June Hints & Tips

It’s Strawberry season!

There is nothing better than a bowl of freshly picked, ripe strawberries, warm from the sun, sprinkled with a little sugar and doused with cream!

Lets look at some of our favourite strawberry varieties along with some other soft fruit that will make your mouth water, all of which can be grown in pots, and with a little care, will reward you handsomely for several years to come.

Strawberry plants are available in three main types – summer fruiting, ever bearers and day-neutral. If you have room for just a few plants, summer fruiting varieties would be the best for you. There is a huge choice here, but we love Honeyoye (even though its name is hard to pronounce!) for early crops, Rhapsody for late cropping, and good old Elsanta as a good all-rounder. Elsanta is the variety most often grown for the supermarkets, for good reason. It is heavy cropping, easy to grow and with a good flavour. If you have the space, try some of each to extend your picking season. Ever bearers, also known as perpetual types, produce a couple of crops per year. The pickings are not heavy, but if you are growing in pots, they make a lovely decorative and tasty addition to the patio. We recommend Albion for flavour.
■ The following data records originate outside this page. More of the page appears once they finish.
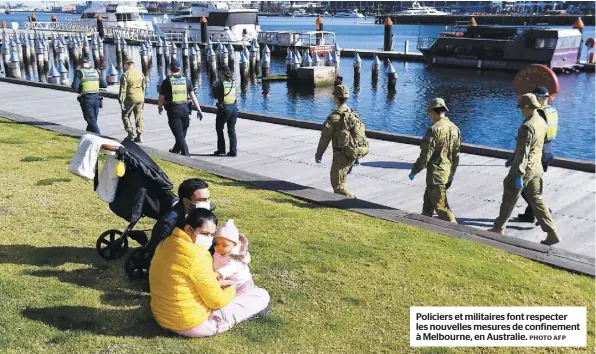  ?? PHOTO AFP ?? Policiers et militaires font respecter les nouvelles mesures de confinemen­t à Melbourne, en Australie.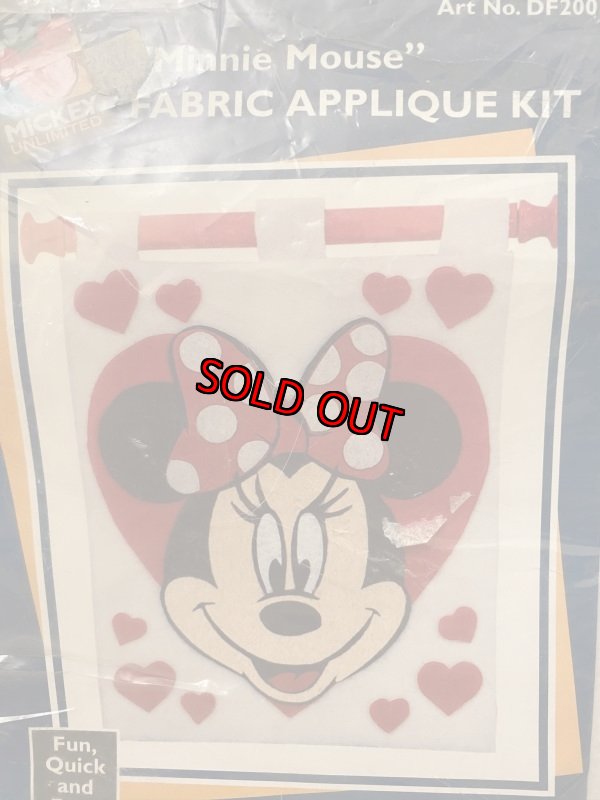 画像2: Disney Minnie Mouse Fabric Applique Kit ディズニー　ミニーマウスのアップリケキット (2)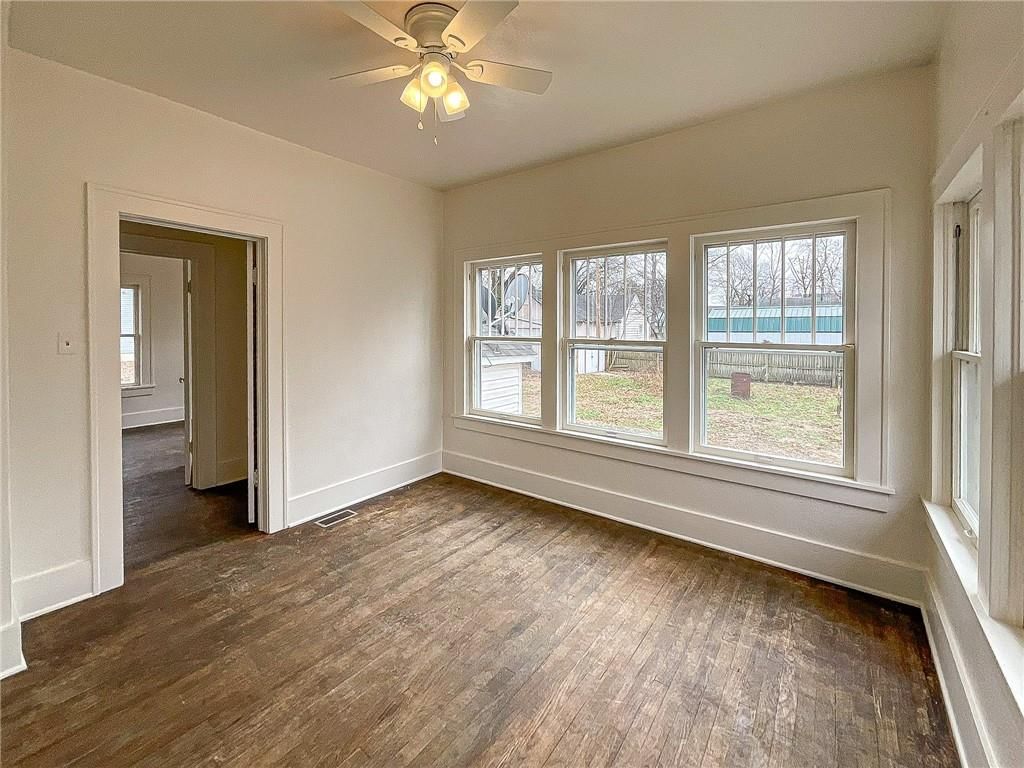 605 S Main Street — photo 21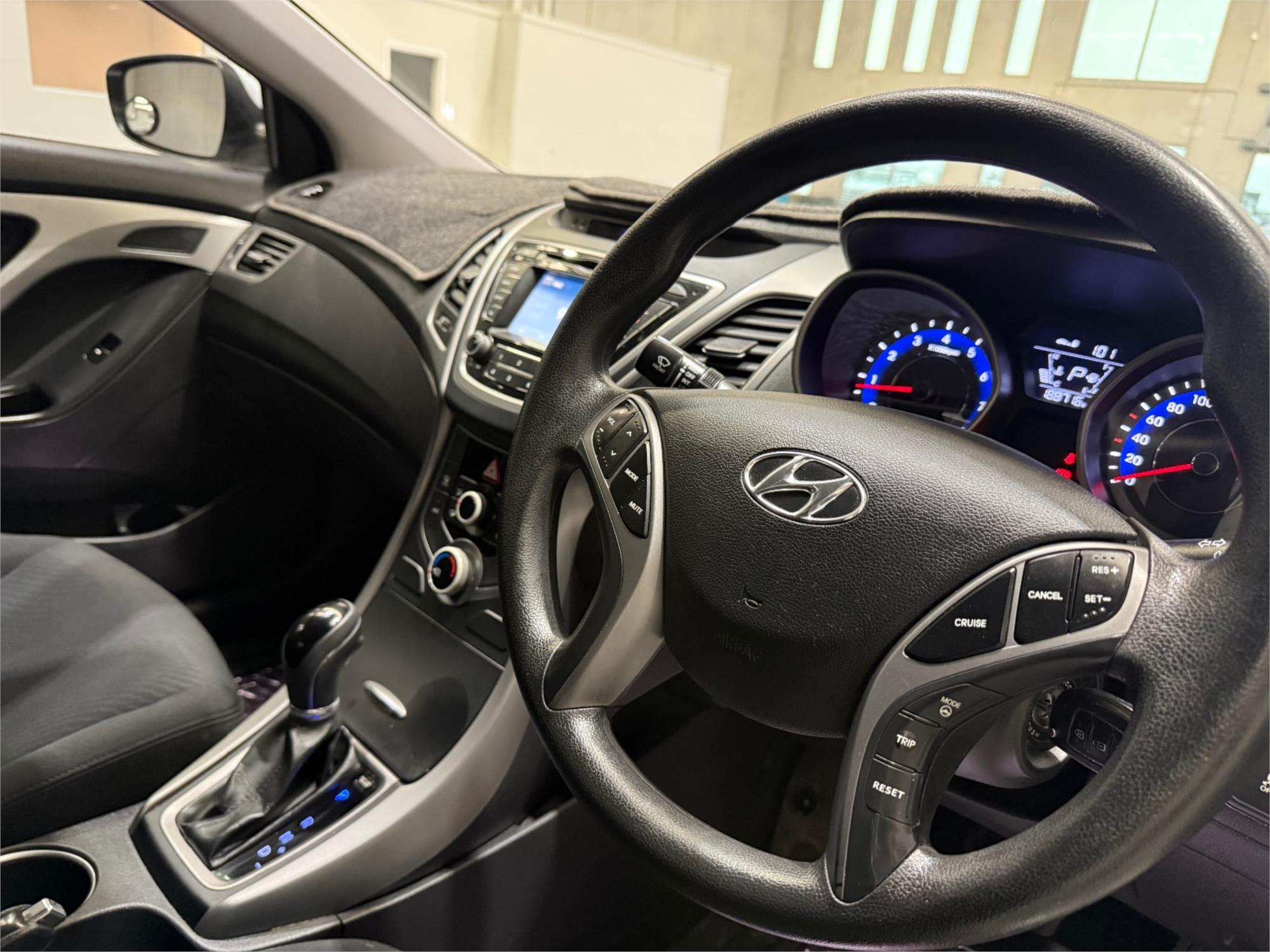 
								2013 HYUNDAI ELANTRA ACTIVE full									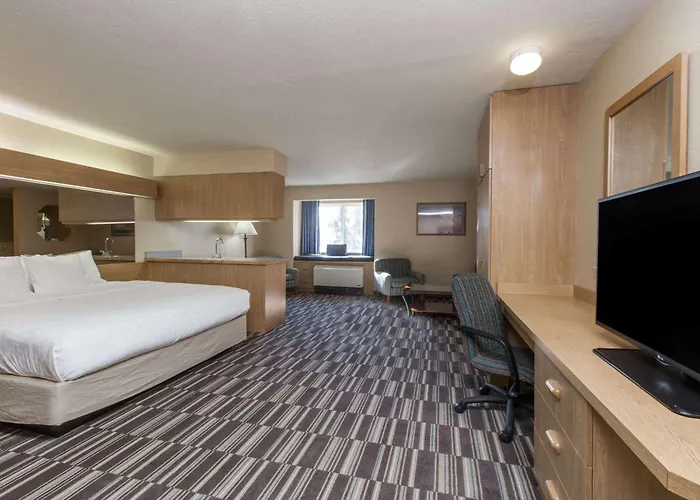 Baymont Inn & Suites By Wyndham Anchorage Airport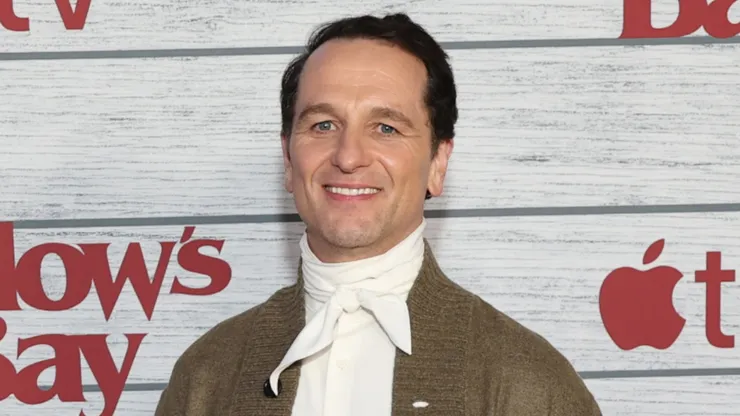 Matthew Rhys.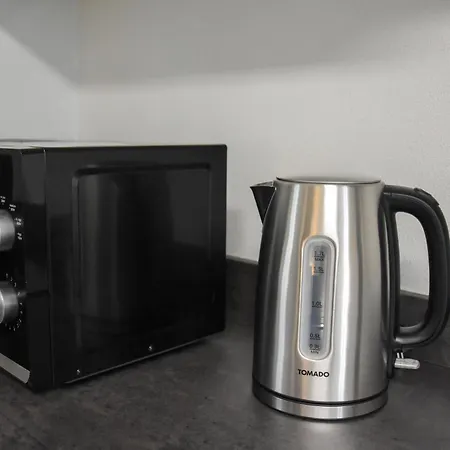Apartamento Moderno - 15 Minuti Dal Centro E Parcheggio Pubblico Gratuito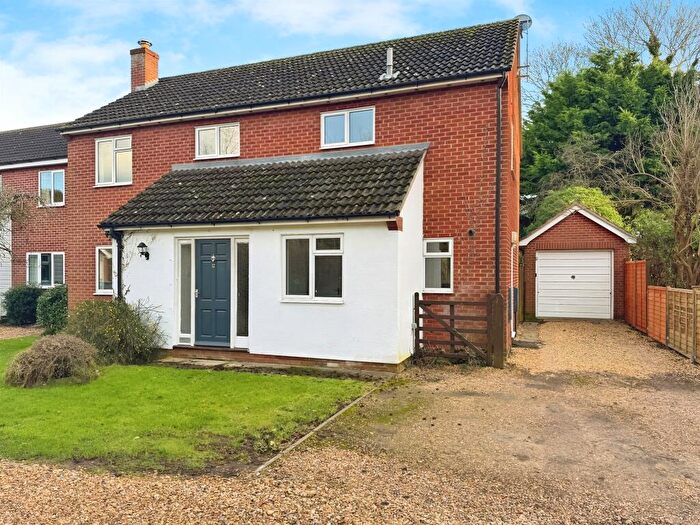 4 Bedroom Detached House For Sale In Graveley Way, Hilton, Huntingdon, PE28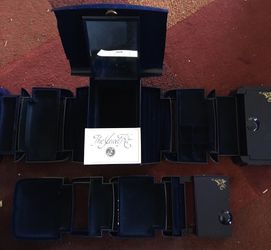 Jewelry box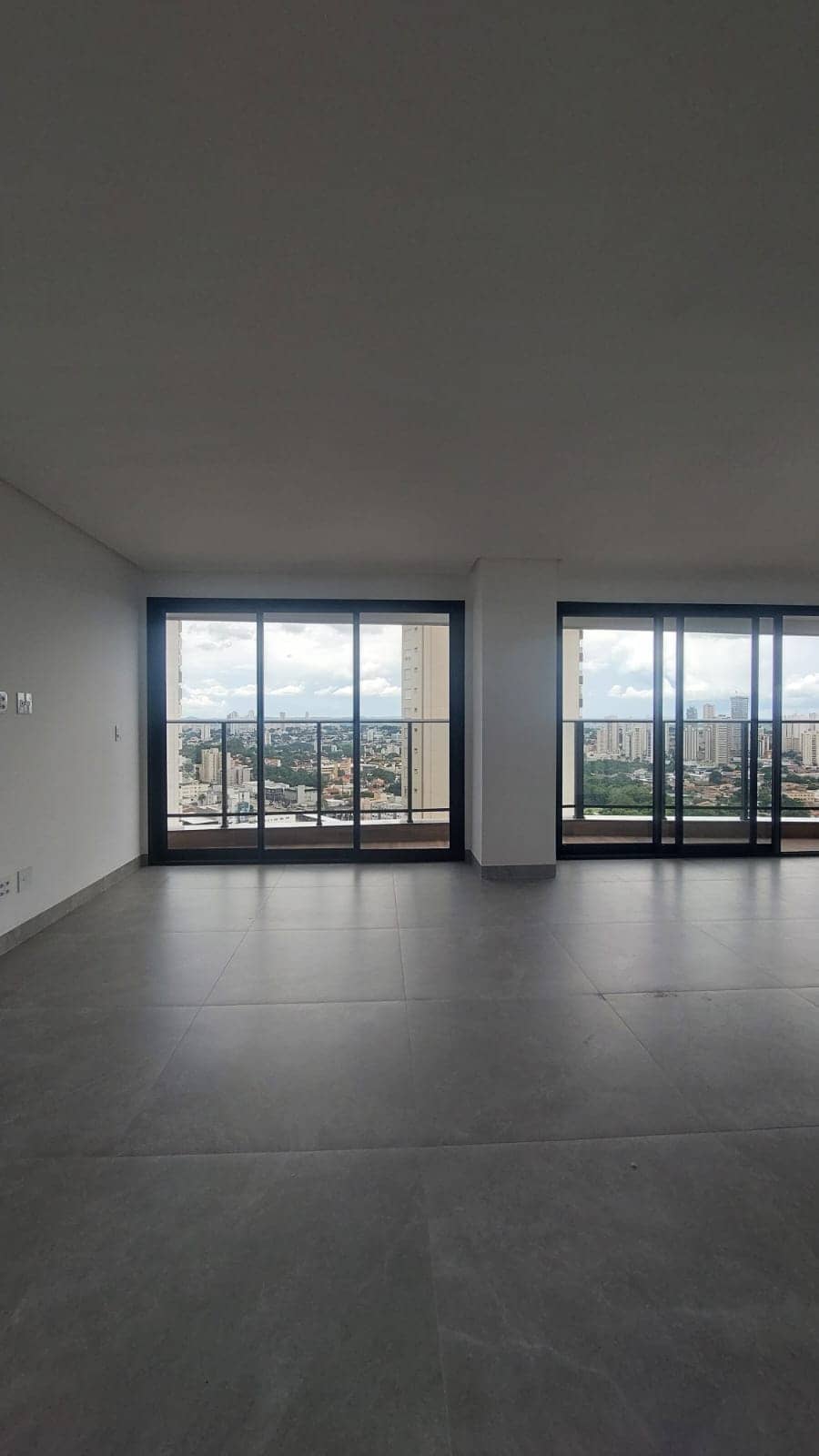 Apartamento com 3 suítes Ares Marista 174m²
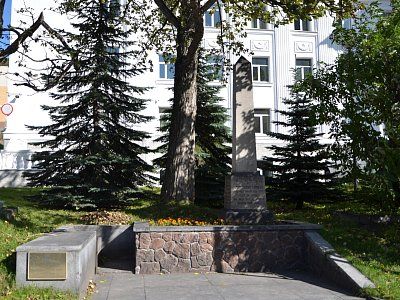 Памятник английскому мореплавателю Клерку Чарльзу (1741-1779) /  / Камчатский край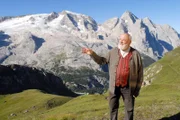 Sepp Forcher vor der Marmolada.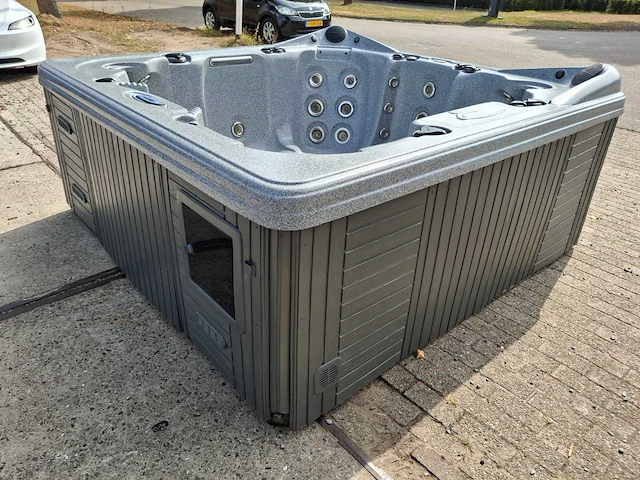 Dynasty 6 persoons amerikaans jacuzzi en buitenspa - afbeelding 19 van  33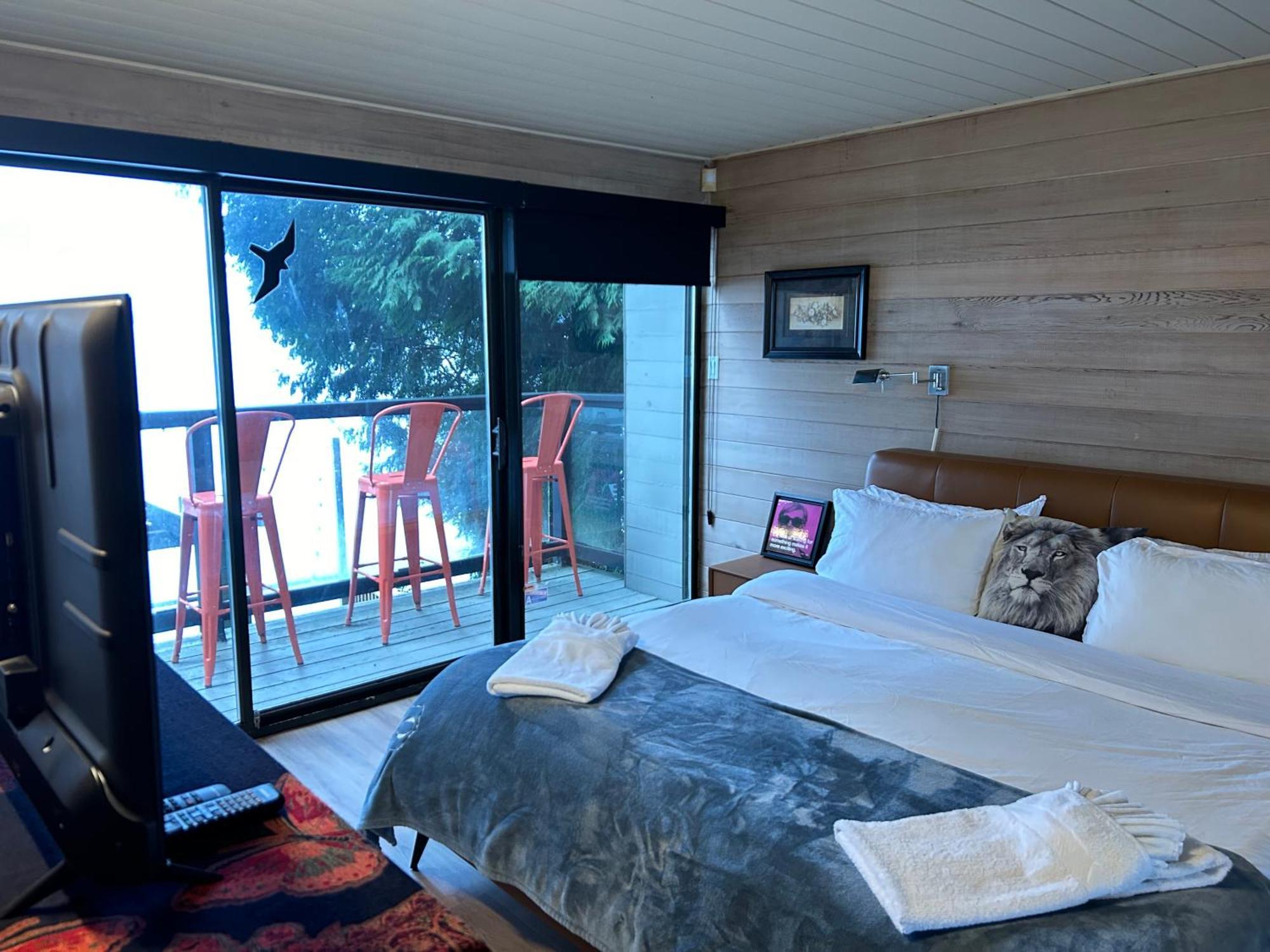 Waterfront Cottage With Superb Coastline Views Уэст-Ванкувер Экстерьер фото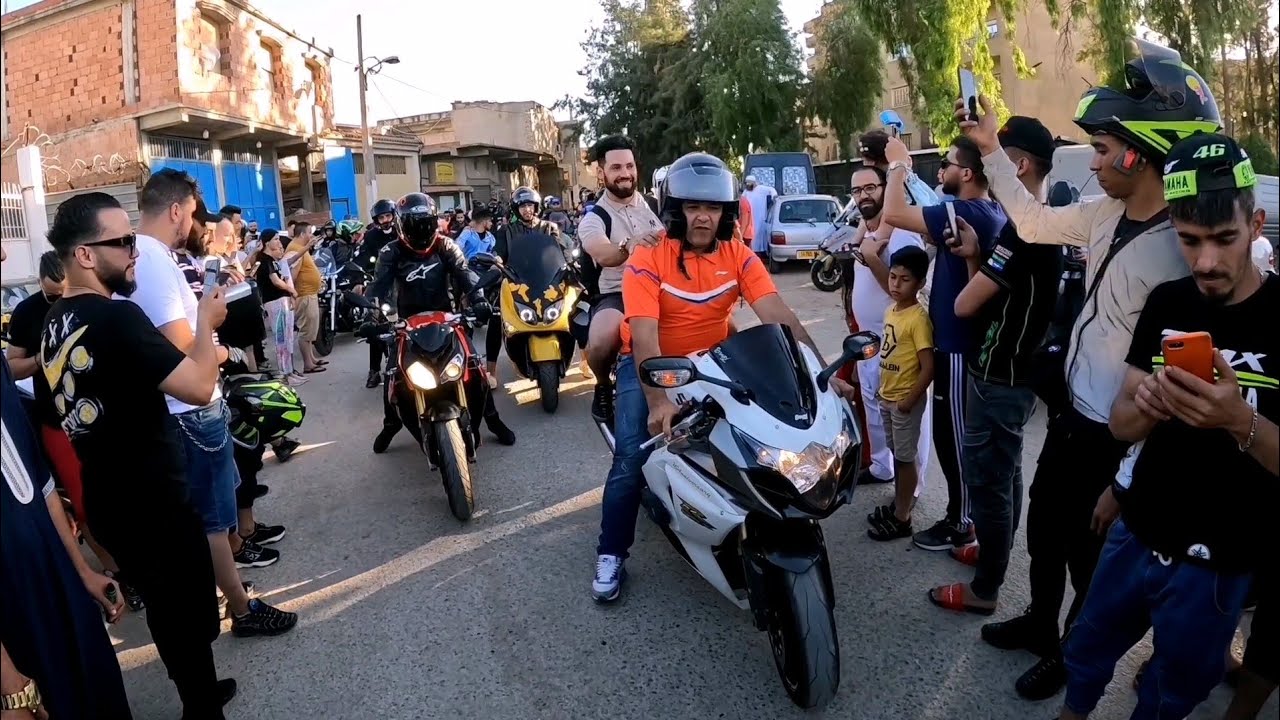 كل الشكر لناس الي جات ليا من كل الولايات باش تكرم فتحي صافي  👏👌❤🏆🥇 شرفتوني حبابي الزينين 🎉🏍🇩🇿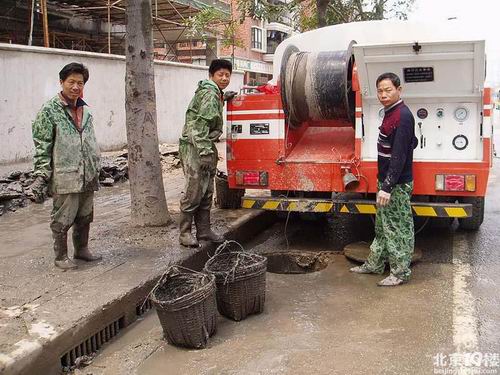 金悦府专业出租移动厕所,清理化粪池及生活垃圾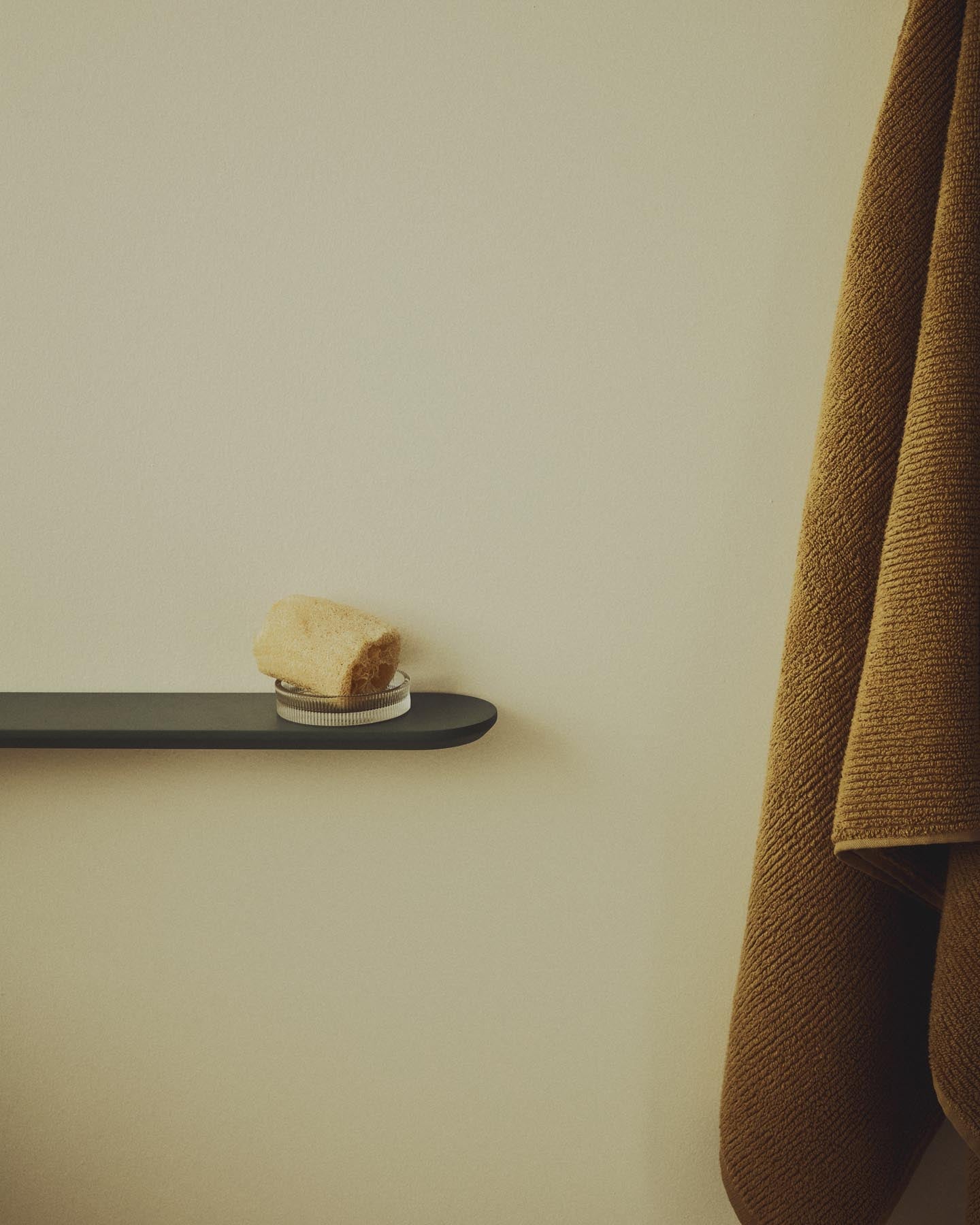 Set Arely aus 2 MDF-Regalen mit grüner Lackierung, 35 cm/55 cm in Grün präsentiert im Onlineshop von KAQTU Design AG. Badzubehör ist von Kave Home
You may prefer raspberries to strawberries for their rich flavour, and an exciting development in fruit breeding has resulted in the first truly dwarfing raspberry suitable for pot culture, as it only reaches around a metre in height, with multiple stems. Little Sweet Sister is summer fruiting and it’s available now. Prune out stems which have borne fruit immediately after cropping has finished.

Blueberries are easy to grow in pots – they love acid growing conditions so pot into ericaceous compost, and feed with ericaceous fertilizer. Although self-fertile, they produce heavier crops if more than one is grown. They love the sunshine, and will need protection from birds, eager to get to the delicious berries before you! If you want to impress your friends, there’s even a blueberry that’s pink. Pink Lemonade was developed in America and each fruit matures to a rich pink colour. They’re grown in exactly the same way as normal blueberries.

Did you know? Around 28,000 kilos of strawberries are consumed by spectators during the Wimbledon Tennis Champs!